Based on the subsurface structures shown in Fig. 1, we choose to average the upper 100-m ocean temperature anomalies in the eastern (80°W–90°W, 5°S–5°N) and central (160°E–150°W, 5°S–5°N) equatorial Pacific, respectively, as the subsurface indices for the EP and CP types of El Niño/La Niña events. These two regions are indicated in Fig. 1a and b, respectively, by red-colored boxes. The boxes show that the selected 100-m depth is able to cover major subsurface ocean temperature anomalies for the both types. At the same time, the depth is deep enough to include the thermocline in the eastern equatorial Pacific but shallow enough not to include the thermocline in the central equatorial Pacific. Therefore, the cross-basin thermocline variations associated with the EP type is less likely to contaminate the subsurface index for the CP type.

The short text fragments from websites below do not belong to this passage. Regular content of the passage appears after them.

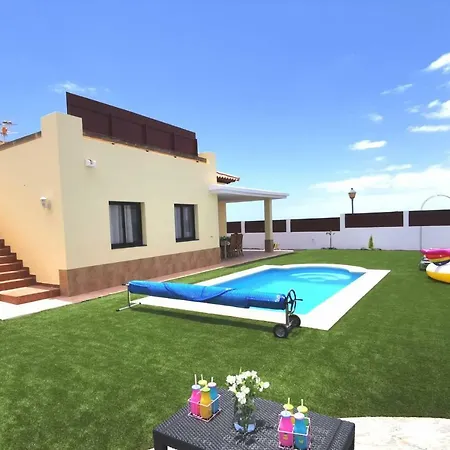 Villa Laura, Centro De Caleta De Fuste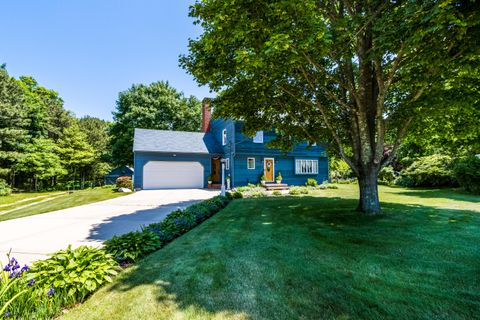 Single Family Residence in East Falmouth MA 211 Trotting Park Road 22.jpg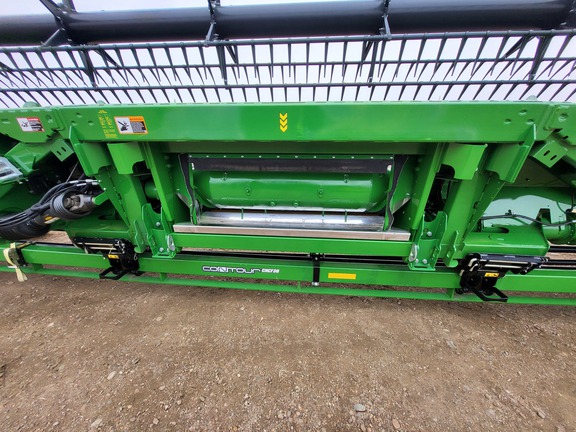 Used 2021 John Deere RD35F Combine Platforms at Horizon Ag & Turf in St. Paul, AB - Photo5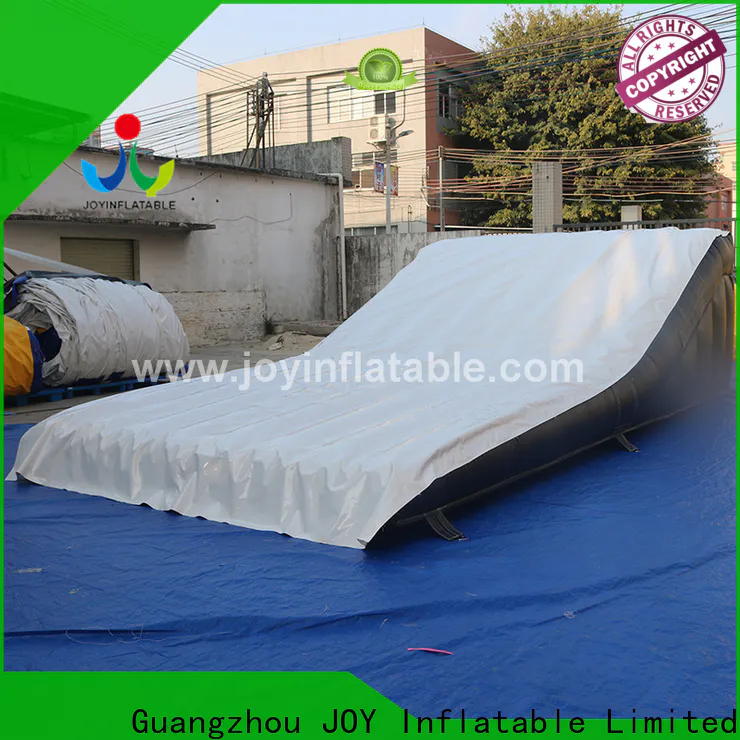 Custom made inflatable landing ramp vendor for outdoor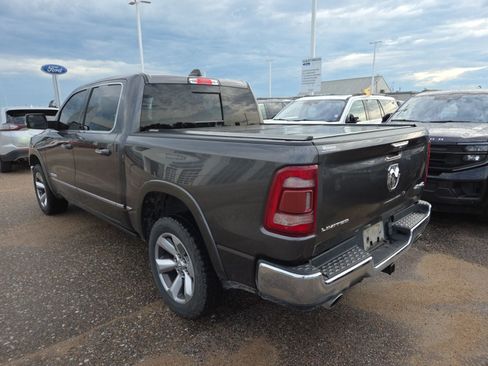 Used 2019 RAM 1500 Limited w/ Advanced Safety Group AWD/4WD image 3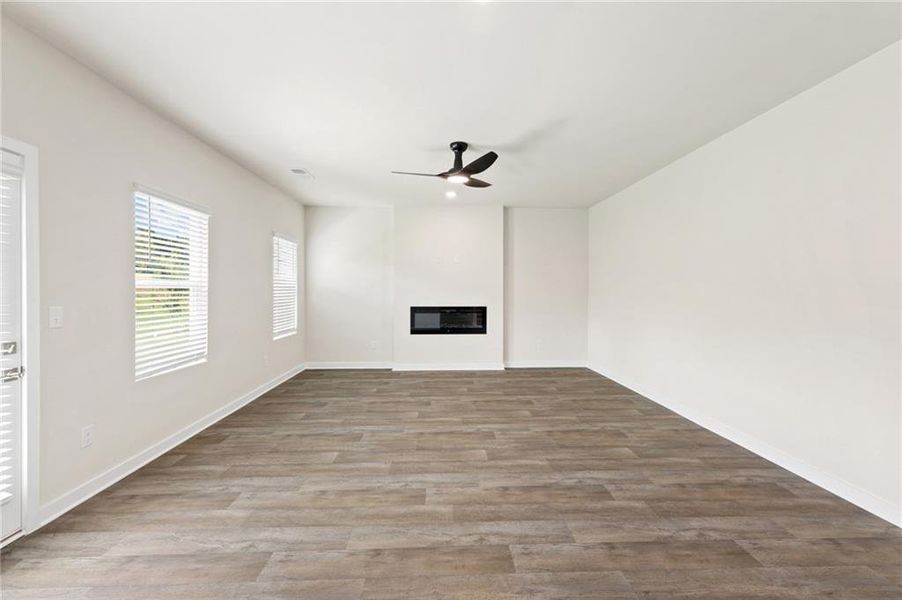 Spacious, unfurnished interior of a new home in Fern Dale, Fairburn (Image 24).
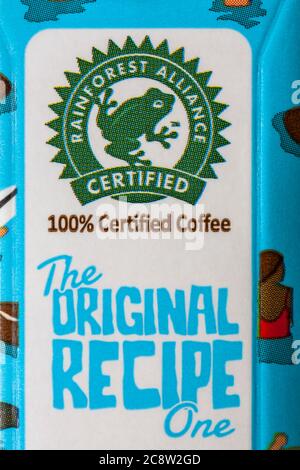 Rainforest Alliance Certified 100% zertifizierten Kaffee Detail auf Karton von Jimmys Iced Coffee Caffe Latte Original Drink - das Original Rezept One Stockfoto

Figure 2 shows the time series of the EP and CP subsurface indices for the period of 1958–2001 after normalization by their own standard deviations. A 3-month-running smoothing was also applied. The skewness coefficient of the time series is 1.68 for the EP subsurface index and −0.63 for the CP subsurface index. A larger value of positive (negative) skewness denotes more extreme warm (cold) events. The skewness coefficients indicate the preference of the EP type for strong El Niño events and the CP type for strong La Niña events. It should be noted that the skewness coefficients for the principal components of the leading EOFs of SST obtained in Kao and Yu (2009) are 1.18 and −0.45 for the EP and CP types, respectively. The spatial asymmetry between strong El Niño and strong La Niña appears more obviously revealed by the subsurface indices than by the SST-based indices (i.e., the principal components). We find that most strong El Niño events defined by the Niño-3.4 SST index are identifiable by the EP subsurface index in Fig. 2a, including the 1972/73, 1976/77, 1982/83, 1991/92, and 1997/98 events. On the other hand, most strong La Niña events defined by the Niño-3.4 SST index are identifiable by the CP subsurface index shown in Fig. 2b, including the 1973/74, 1975/76, 1983/84, 1988/89, and 1998/99 events. The correlation coefficient between the EP and CP subsurface indices is 0.27, which is smaller than the correlation coefficient (−0.48) between the two principal components of the EP and CP types. Our analyses indicate that the subsurface indices are more independent from each other and show stronger skewness than the SST-based indices, both of which are desirable properties for separating the EP and CP types.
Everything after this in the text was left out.